** Opening GIVEN ENTRIES block **
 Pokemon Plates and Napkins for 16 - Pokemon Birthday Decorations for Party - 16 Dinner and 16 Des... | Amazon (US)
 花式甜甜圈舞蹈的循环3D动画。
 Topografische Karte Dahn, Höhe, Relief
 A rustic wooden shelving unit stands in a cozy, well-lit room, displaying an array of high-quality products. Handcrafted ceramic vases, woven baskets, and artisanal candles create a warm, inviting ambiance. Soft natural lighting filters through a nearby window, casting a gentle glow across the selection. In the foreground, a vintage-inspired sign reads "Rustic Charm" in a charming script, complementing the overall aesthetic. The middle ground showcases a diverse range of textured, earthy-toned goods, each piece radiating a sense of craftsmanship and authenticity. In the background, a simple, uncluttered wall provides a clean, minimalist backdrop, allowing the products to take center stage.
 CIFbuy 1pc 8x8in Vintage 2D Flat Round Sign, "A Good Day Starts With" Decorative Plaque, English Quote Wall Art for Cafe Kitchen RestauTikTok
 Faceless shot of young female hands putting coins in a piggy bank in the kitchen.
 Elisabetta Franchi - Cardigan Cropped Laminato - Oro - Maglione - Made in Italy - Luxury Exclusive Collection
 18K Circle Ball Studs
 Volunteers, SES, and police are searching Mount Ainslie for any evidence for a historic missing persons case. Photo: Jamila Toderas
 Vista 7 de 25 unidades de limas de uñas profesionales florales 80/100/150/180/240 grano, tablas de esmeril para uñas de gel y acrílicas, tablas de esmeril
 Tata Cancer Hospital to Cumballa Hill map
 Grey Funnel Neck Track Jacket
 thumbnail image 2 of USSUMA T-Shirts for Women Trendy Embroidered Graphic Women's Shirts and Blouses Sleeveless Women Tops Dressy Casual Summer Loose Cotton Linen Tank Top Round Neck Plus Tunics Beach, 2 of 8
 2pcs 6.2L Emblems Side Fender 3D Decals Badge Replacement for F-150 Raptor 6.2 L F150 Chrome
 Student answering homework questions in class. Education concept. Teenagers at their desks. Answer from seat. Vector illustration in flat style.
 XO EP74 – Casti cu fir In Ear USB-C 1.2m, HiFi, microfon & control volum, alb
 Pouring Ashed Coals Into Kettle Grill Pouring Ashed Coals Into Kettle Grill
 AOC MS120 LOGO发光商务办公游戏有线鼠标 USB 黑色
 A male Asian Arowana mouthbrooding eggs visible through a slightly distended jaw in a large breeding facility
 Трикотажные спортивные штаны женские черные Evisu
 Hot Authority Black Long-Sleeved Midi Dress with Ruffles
** Closing GIVEN ENTRIES block **
* [AIM OF THE EXERCISE]:
Transcribe only, please, the lines from the first line of the records through the line with "A rustic wooden". Both of those lines are included.

* [ANSWER SPACE]:
 Pokemon Plates and Napkins for 16 - Pokemon Birthday Decorations for Party - 16 Dinner and 16 Des... | Amazon (US)
 花式甜甜圈舞蹈的循环3D动画。
 Topografische Karte Dahn, Höhe, Relief
 A rustic wooden shelving unit stands in a cozy, well-lit room, displaying an array of high-quality products. Handcrafted ceramic vases, woven baskets, and artisanal candles create a warm, inviting ambiance. Soft natural lighting filters through a nearby window, casting a gentle glow across the selection. In the foreground, a vintage-inspired sign reads "Rustic Charm" in a charming script, complementing the overall aesthetic. The middle ground showcases a diverse range of textured, earthy-toned goods, each piece radiating a sense of craftsmanship and authenticity. In the background, a simple, uncluttered wall provides a clean, minimalist backdrop, allowing the products to take center stage.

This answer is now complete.